What's the solution?
To figure this out, the researchers did a big study of existing papers. They looked at lots of research that mentioned both radiance fields and VR/AR to see how people are thinking about using them, what has actually been built, and what challenges still need to be solved. They analyzed 66 specific papers that really dug into using radiance fields for VR/AR to understand the field better.
Why it matters?
This is important because it helps the VR and AR communities understand how to use these cutting-edge 3D technologies. By mapping out what's been done and what's missing, it provides a guide for future research and development, potentially speeding up innovation in creating more realistic and engaging virtual and augmented reality experiences.
Abstract
The development of radiance fields (RF), such as 3D Gaussian Splatting (3DGS) and Neural Radiance Fields (NeRF), has revolutionized interactive photorealistic view synthesis and presents enormous opportunities for XR research and applications. However, despite the exponential growth of RF research, RF-related contributions to the XR community remain sparse. To better understand this research gap, we performed a systematic survey of current RF literature to analyze (i) how RF is envisioned for XR applications, (ii) how they have already been implemented, and (iii) the remaining research gaps.

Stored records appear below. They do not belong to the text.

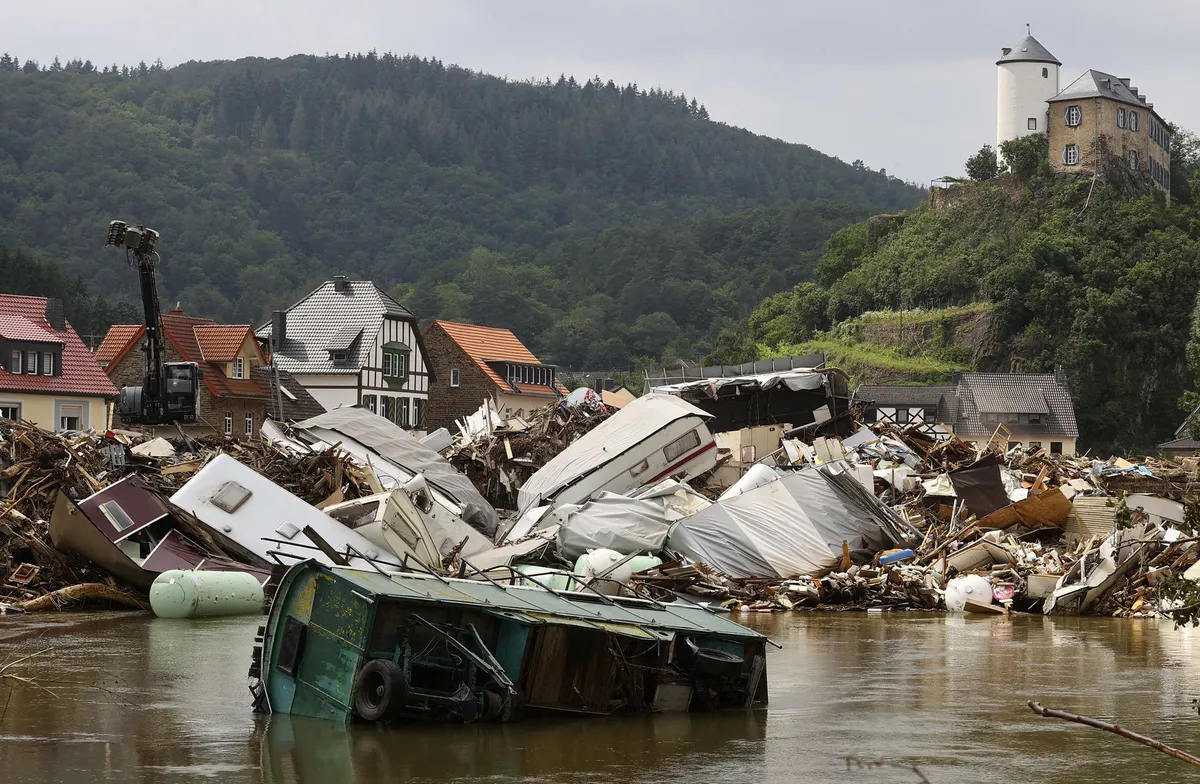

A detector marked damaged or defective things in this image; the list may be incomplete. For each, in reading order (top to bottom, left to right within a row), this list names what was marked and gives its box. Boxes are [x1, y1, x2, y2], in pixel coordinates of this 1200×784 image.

wrecked caravan [513, 398, 710, 518]
wrecked caravan [250, 559, 768, 725]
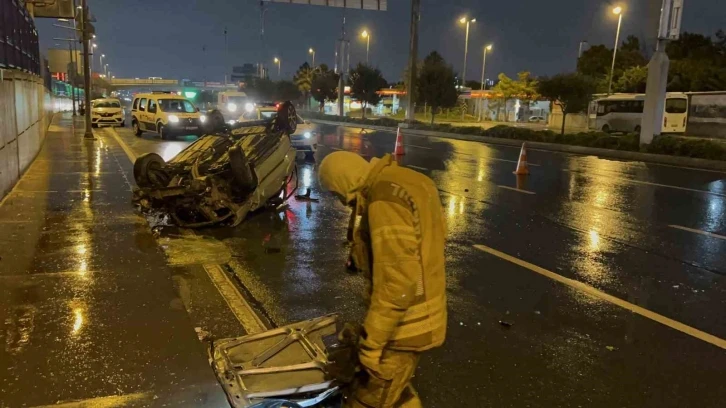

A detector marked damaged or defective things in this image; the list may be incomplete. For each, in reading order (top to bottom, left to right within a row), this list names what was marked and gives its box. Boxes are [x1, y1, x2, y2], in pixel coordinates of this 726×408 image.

overturned car [132, 101, 300, 228]
damaged vehicle [132, 101, 300, 228]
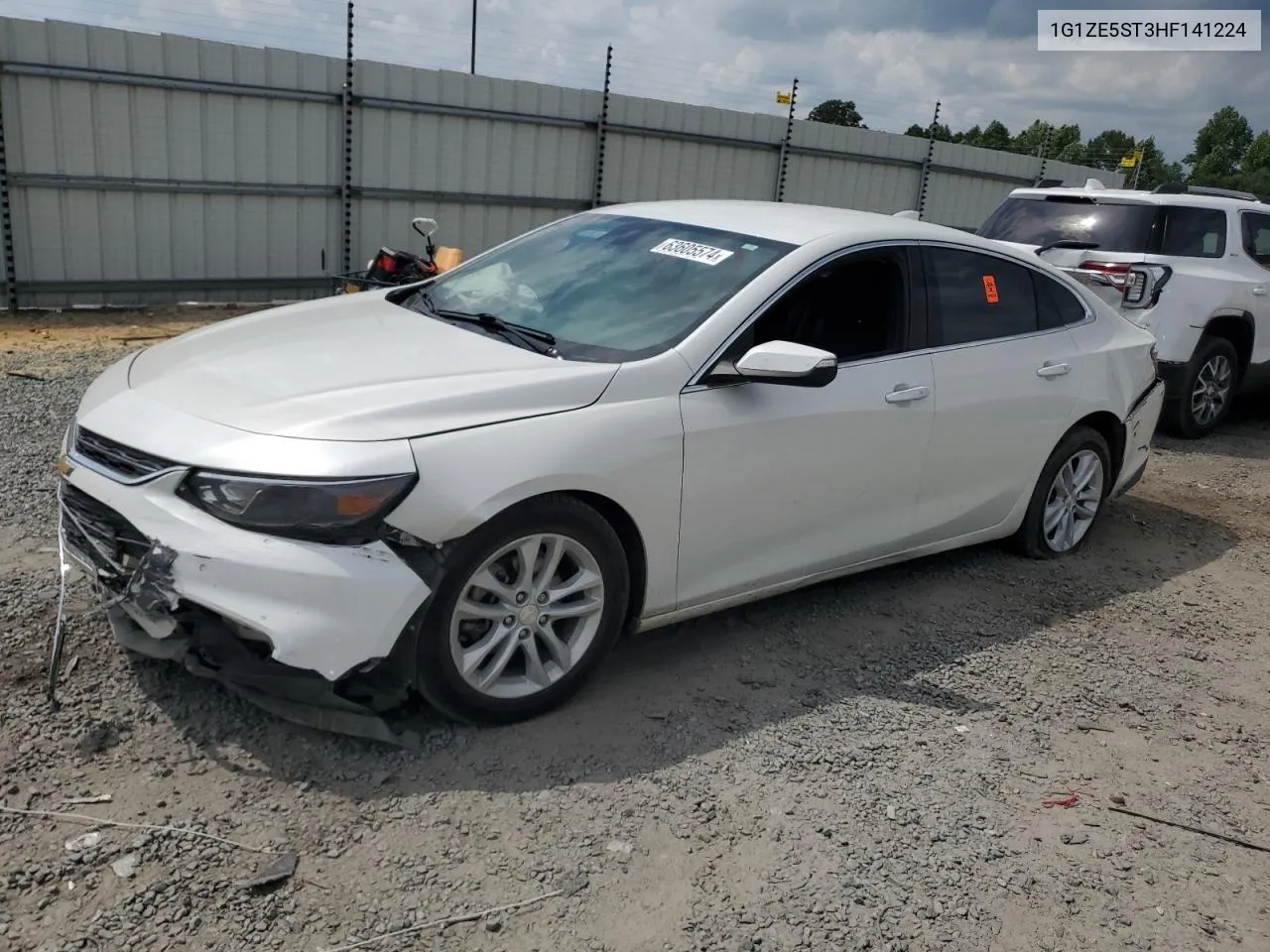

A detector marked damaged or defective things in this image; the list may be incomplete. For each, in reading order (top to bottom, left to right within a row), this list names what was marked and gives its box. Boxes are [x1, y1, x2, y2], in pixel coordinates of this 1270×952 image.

detached bumper piece [58, 480, 421, 746]
front end damage [53, 472, 433, 746]
cracked bumper [58, 460, 433, 682]
broken headlight [178, 470, 417, 543]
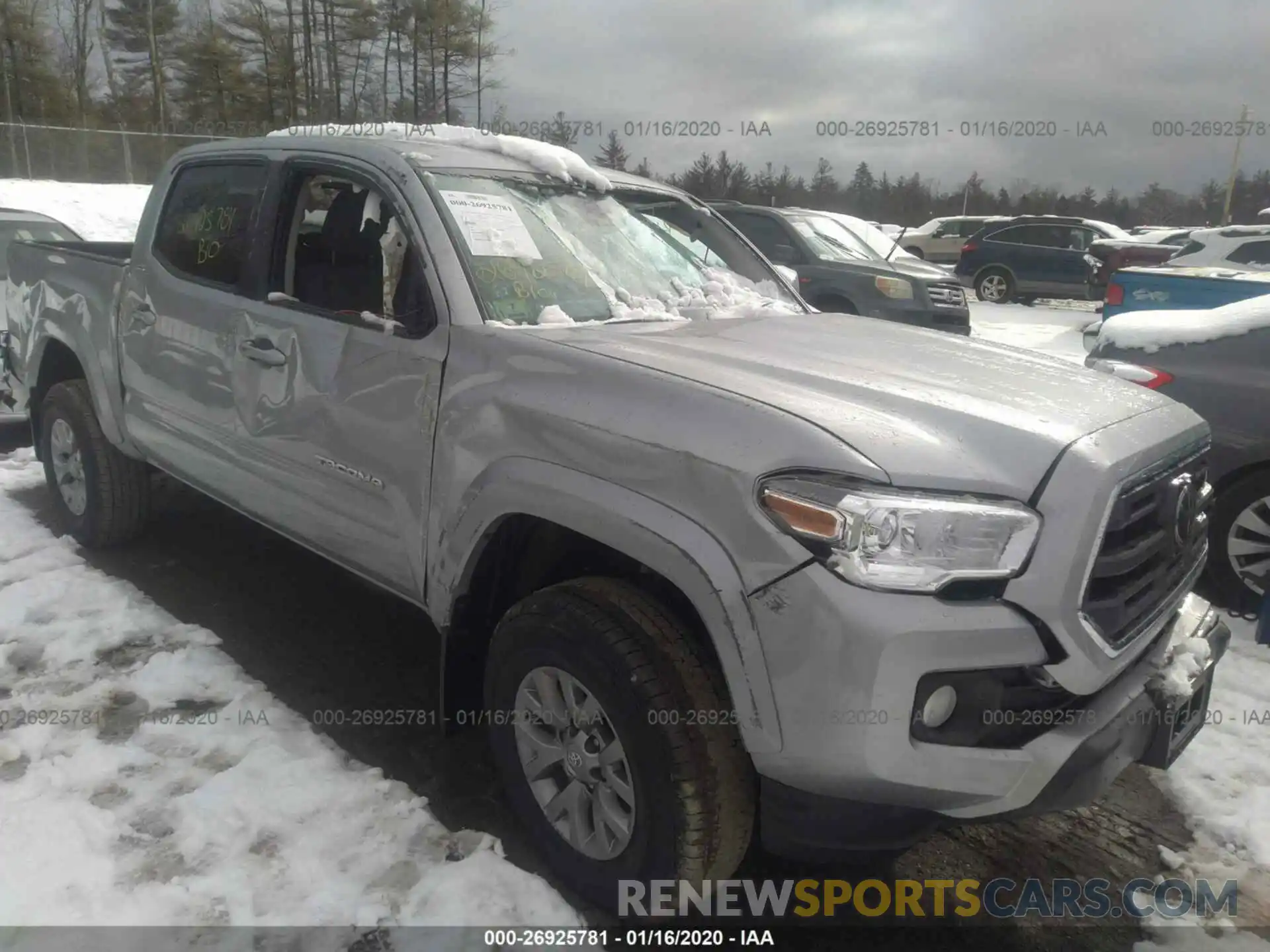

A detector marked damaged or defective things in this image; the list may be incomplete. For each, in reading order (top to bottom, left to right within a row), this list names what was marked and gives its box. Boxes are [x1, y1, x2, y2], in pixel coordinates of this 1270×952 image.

dented door panel [231, 301, 444, 596]
headlight lens damage [751, 479, 1041, 594]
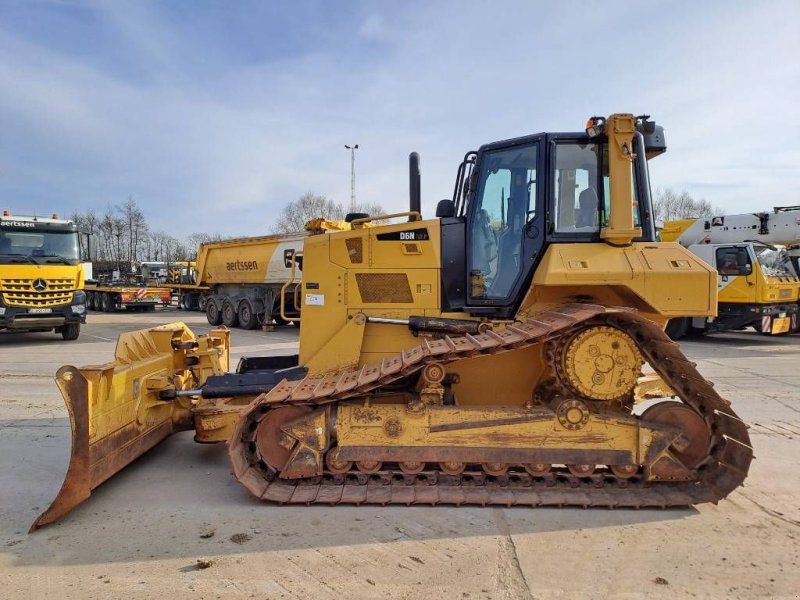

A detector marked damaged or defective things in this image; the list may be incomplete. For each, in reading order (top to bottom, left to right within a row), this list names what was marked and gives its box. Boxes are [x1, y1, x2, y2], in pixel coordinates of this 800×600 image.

rusty crawler track [228, 304, 752, 506]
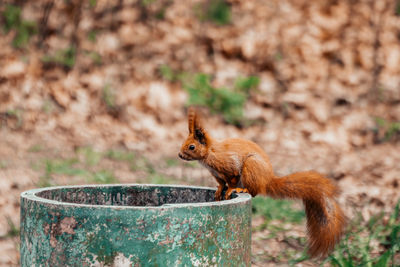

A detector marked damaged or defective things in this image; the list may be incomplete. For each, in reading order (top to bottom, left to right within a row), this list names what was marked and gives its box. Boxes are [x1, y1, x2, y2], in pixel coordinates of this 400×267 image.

rusty metal container [20, 185, 252, 266]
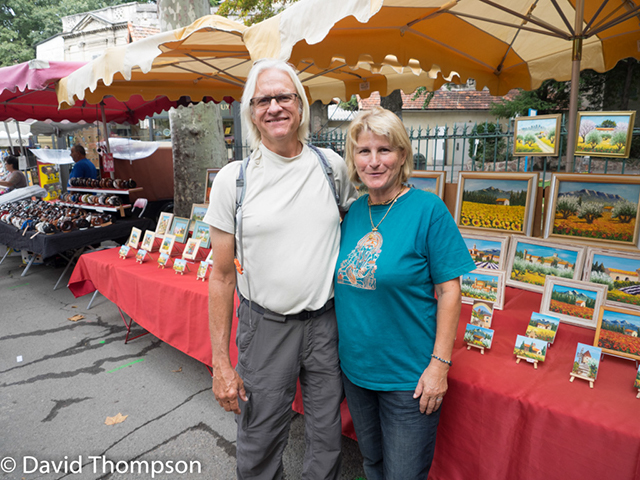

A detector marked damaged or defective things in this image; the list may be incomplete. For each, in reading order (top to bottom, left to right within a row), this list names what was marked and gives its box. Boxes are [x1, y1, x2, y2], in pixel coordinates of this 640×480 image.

crack in pavement [0, 340, 162, 388]
crack in pavement [42, 396, 92, 422]
crack in pavement [53, 388, 218, 478]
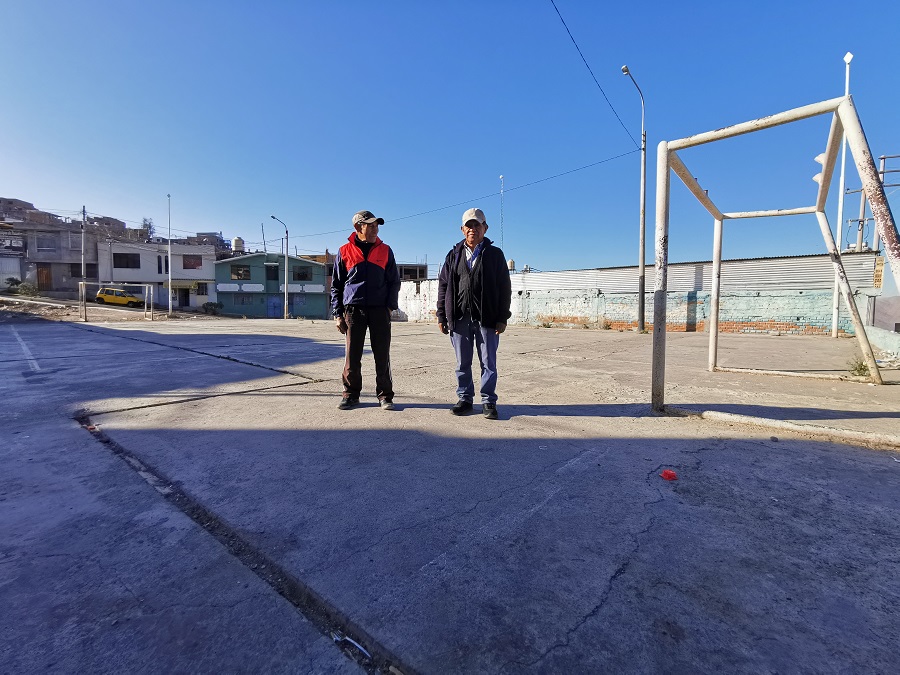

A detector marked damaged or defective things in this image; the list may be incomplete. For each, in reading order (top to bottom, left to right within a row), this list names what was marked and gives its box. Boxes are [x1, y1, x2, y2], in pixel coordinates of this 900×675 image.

rusted metal pole [652, 143, 668, 412]
rusted metal pole [812, 210, 884, 386]
rusted metal pole [836, 99, 900, 298]
cracked concrete surface [1, 318, 900, 675]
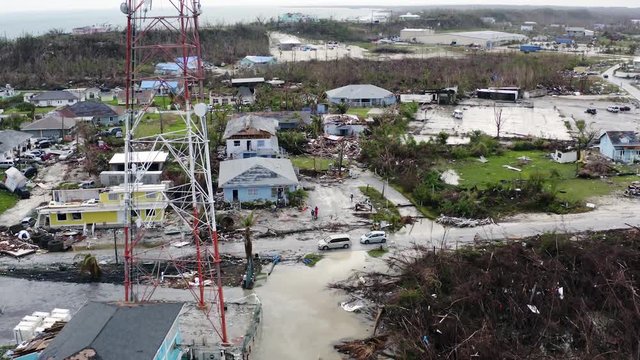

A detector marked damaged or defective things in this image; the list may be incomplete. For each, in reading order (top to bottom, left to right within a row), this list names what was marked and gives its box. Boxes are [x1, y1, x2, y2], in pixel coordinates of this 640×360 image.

damaged house [225, 115, 282, 159]
damaged house [322, 114, 368, 138]
damaged house [218, 158, 300, 202]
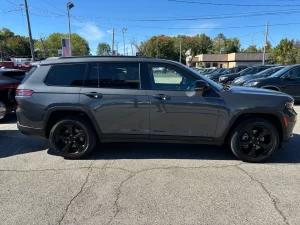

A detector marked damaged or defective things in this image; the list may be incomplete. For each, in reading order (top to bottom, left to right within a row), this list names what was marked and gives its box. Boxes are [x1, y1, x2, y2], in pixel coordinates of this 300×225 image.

cracked asphalt [0, 106, 298, 224]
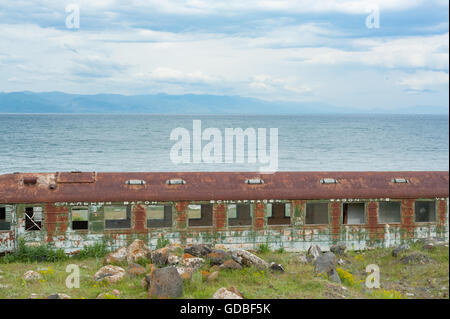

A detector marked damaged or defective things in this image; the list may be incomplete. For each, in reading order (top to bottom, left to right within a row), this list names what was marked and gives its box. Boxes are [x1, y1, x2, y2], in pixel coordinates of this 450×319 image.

rusty metal roof [0, 171, 448, 204]
broken window [24, 206, 42, 231]
broken window [71, 206, 89, 231]
broken window [105, 208, 132, 230]
broken window [148, 206, 172, 229]
broken window [187, 205, 214, 228]
broken window [229, 205, 253, 228]
broken window [268, 204, 292, 226]
broken window [304, 204, 328, 226]
broken window [344, 205, 366, 225]
broken window [378, 202, 400, 225]
broken window [414, 202, 436, 222]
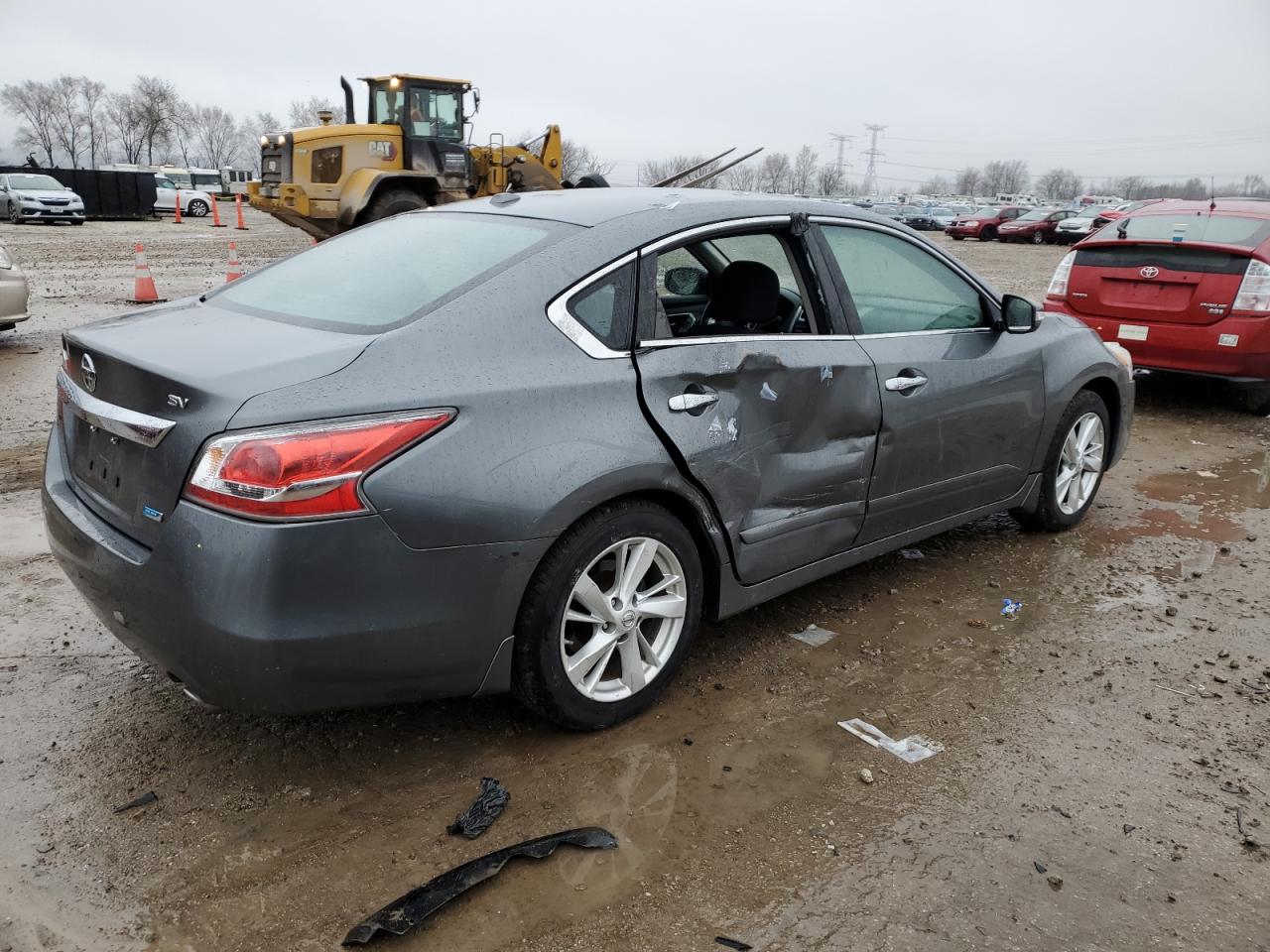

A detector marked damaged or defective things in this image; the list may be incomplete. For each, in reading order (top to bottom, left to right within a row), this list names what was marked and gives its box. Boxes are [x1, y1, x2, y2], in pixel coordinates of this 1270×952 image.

damaged gray nissan altima [40, 187, 1137, 731]
dented rear door [635, 334, 883, 586]
dented front door [635, 334, 883, 588]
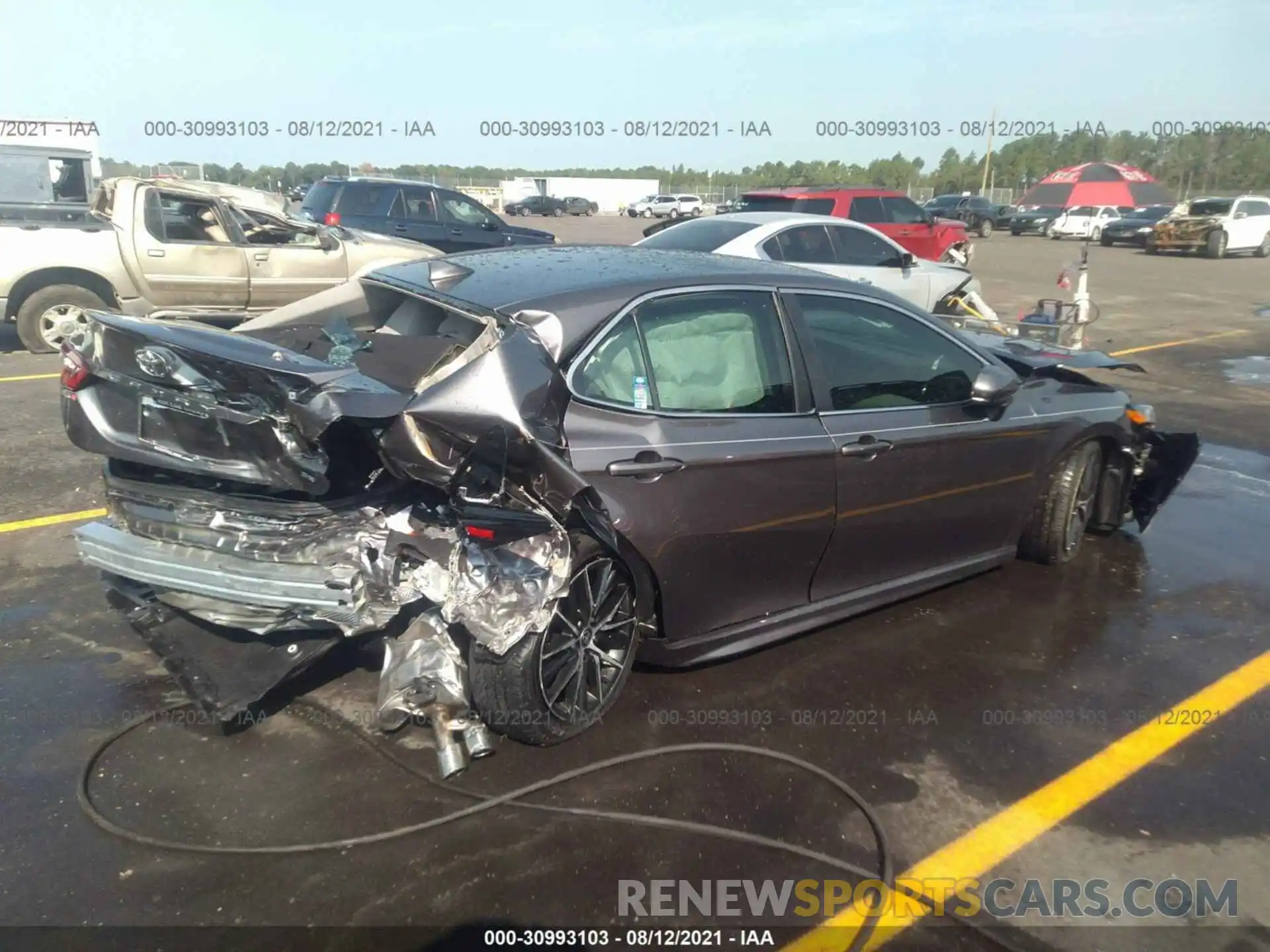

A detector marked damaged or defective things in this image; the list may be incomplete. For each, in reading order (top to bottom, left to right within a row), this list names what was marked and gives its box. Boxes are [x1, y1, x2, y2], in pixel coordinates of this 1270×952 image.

broken taillight lens [60, 348, 90, 391]
wrecked white pickup truck [2, 177, 434, 352]
trunk lid crumpled [67, 290, 602, 721]
wrecked white pickup truck [57, 243, 1189, 777]
damaged gray toyota camry [54, 250, 1193, 777]
damaged truck cab [62, 243, 1199, 777]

We collected 365 RF contributions related to XR from computer vision, computer graphics, robotics, multimedia, human-computer interaction, and XR communities, seeking to answer the above research questions. Among the 365 papers, we performed an analysis of 66 papers that already addressed a detailed aspect of RF research for XR. With this survey, we extended and positioned XR-specific RF research topics in the broader RF research field and provide a helpful resource for the XR community to navigate within the rapid development of RF research.